北海道日本ハムが考える新しい地域貢献の形 支援プロジェクト第2弾はビリヤードプロ

2018-11-07 18:11 「Full-Count」石川加奈子
北海道日本ハムが支援するプロビリヤード選手の平口結貴さん※写真提供:Full-Count(写真:石川加奈子)

北海道日本ハムが支援するプロビリヤード選手の平口結貴さん※写真提供:Full-Count(写真:石川加奈子)

「世界チャンピオンになる」プロ野球とビリヤードの異色のコラボ

 北海道日本ハムは7日、北海道の若いアスリートを支援する「FIGHTERS CROWDFUNDING~Be Ambitious~」の記者発表を行った。第2号アスリートとして選ばれたのは、札幌市在住の国内現役最年少ビリヤードプロの平口結貴さん。プロ野球とビリヤードという異色のコラボレーションがスタートする。

「25歳までに世界チャンピオンになること」を目標に掲げる平口さんは現在21歳。今回の目標額を来年の海外遠征費140万円に設定。この日、クラウドファンディングサイト「FAAVO」で支援金の募集を開始した。来月3日まで受け付ける。

「ビリヤードはマイナースポーツですが、プロがいること、そしてスポーツであることを知ってもらいたい。ファイターズさんの後押しがあれば、たくさんの人に伝わるのではないかと思い、応募しました。選ばれたことで、ビリヤードという競技に目を向けてもらえることがうれしいです」。平口さんは報道陣の前でそう言って笑顔を見せた。

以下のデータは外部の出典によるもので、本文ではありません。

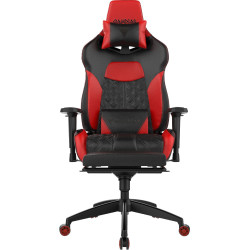 Геймърски стол Gamdias Gaming Chair - ACHILLES P1-L RGB Black/Red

 国内では女子プロ60人ほどが活動し、年間10~12試合が行われている。優勝賞金は25~50万円。札幌から全国各地への遠征費が掛かるため、2位に入ってやっと経費が捻出でき、3位以下なら赤字だという。現在、日本ランク3位に付ける平口さんは「今年最後の大会となる全日本選手権で優勝して、ランキング1位になりたいです」と力を込める。

「ビリヤードをメジャーに」高い視点に賛同

 6歳でビリヤードを始め、高校在学中に女子選手として史上初の全日本ジュニアナインボール選手権大会優勝、全日本アマチュアナインボール選手権大会史上最年少優勝を果たし、高校卒業後にプロ転向。昨年のジャパン・オープンでも国内女子史上最年少優勝(20歳)するなど様々な記録を成し遂げてきた。3年連続3度目の挑戦となる世界選手権では、昨年の32強を上回る成績を目指している。

 今回第2号アスリートの選考に当たった球団広報部SCグループの笹村寛之ディレクターは「ただ単に自分が勝ちたいというだけではなく、ビリヤードをメジャーにしたいという高い視点が際立っていました」と平口さんの思いに賛同した。

 球団は支援金に対するリターンとして「AMBITIOUSユニホーム」や「ファイターズ選手着用済み・直筆サイン入りユニホーム」、「平口結貴&B☆Bペアと勝負!交流会ご招待」などを提供する。

 プロ野球チームとして初となる次世代スポーツ人材育成型クラウドファンディングは、球団理念である「スポーツコミュニティ」を実現したもの。侍ジャパン監督でもある北海道日本ハムの稲葉篤紀スポーツ・コミュニティ・オフィサーは「ファイターズだけではなく、ファンの方々と一緒に支援していくことで大きな取り組みになっていけると思います」とメッセージを寄せる。

 7月に第1号アスリートになった女子スキージャンプの渡邉陽さんのケースは、目標額の112万円を超える121万8000円が集まった。高い人気を誇る球団が埋もれている才能を発掘し、その発信力を生かして支援を呼びかけることで様々な波及効果が生まれている。新しい地域貢献の形として、球団は今後も継続していく考えだ。